Data for Black Lives
- Nickname: D4BL
- Formation: November 2017
- Founder: Yeshimabeit Milner, Lucas Mason-Brown
- Headquarters: U.S.A
- Website: d4bl.org
- Formerly called: Data 4 Black Lives

= Data for Black Lives =

American non-profit, data science organization

Data for Black Lives (D4BL) is an American non-profit organization with the mission of using data science to create concrete and measurable change in the lives of black people. Headquartered in Cambridge, Massachusetts, Data for Black Lives was founded by Yeshimabeit Milner and Lucas Mason-Brown. Milner attended Brown University; having encountered discrimination towards the black community, she organized a group of scientists to combat the mistreatment of black people within data algorithms.

== History ==
D4BL began in November 2017 as statistical research project, and expanded into working with a team of people on data analysis. The formation of D4BL was initiated by Yeshimabeit Milner, who witnessed racial discrimination, watching her peers suffer from police brutality. Milner discovered through research that black children were getting suspended at a much higher rate than white children. After graduating from Brown University, Milner incorporated her passion for data science into social activism.
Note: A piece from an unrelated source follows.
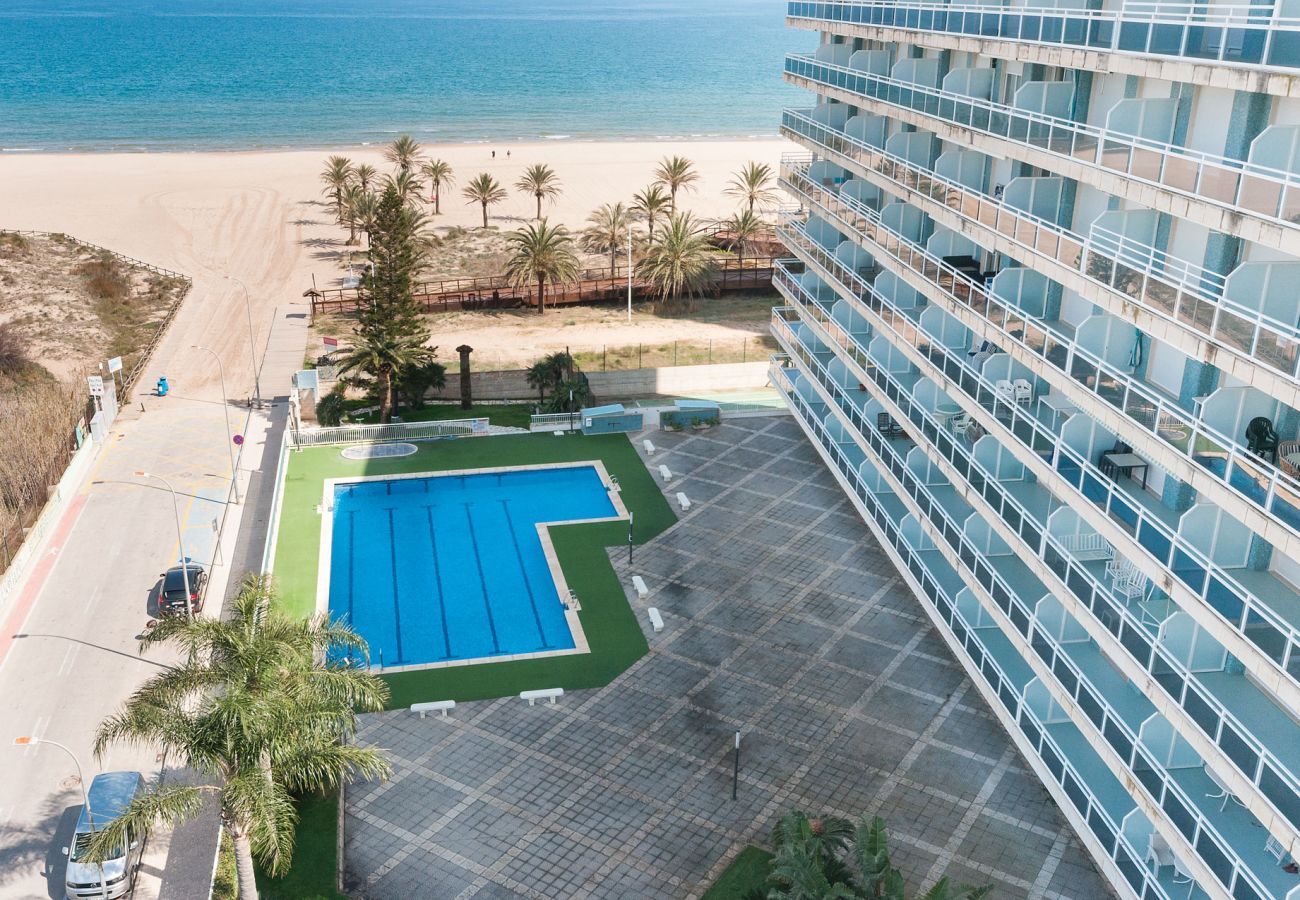 Apartment in Playa de Gandía - 42. AG AIGUABLAVA 8-7-15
D4BL has regional organization chapters, including a group in Pittsburgh, Pennsylvania. Additionally there is a community of other organizations working towards the same goals, including Data and Society, Algorithmic Justice League, and the Distributed Artificial Intelligence Research Institute (DAIR).

Between 2019 and 2021, D4BL was awarded a grant by the MacArthur Foundation for broad operating support.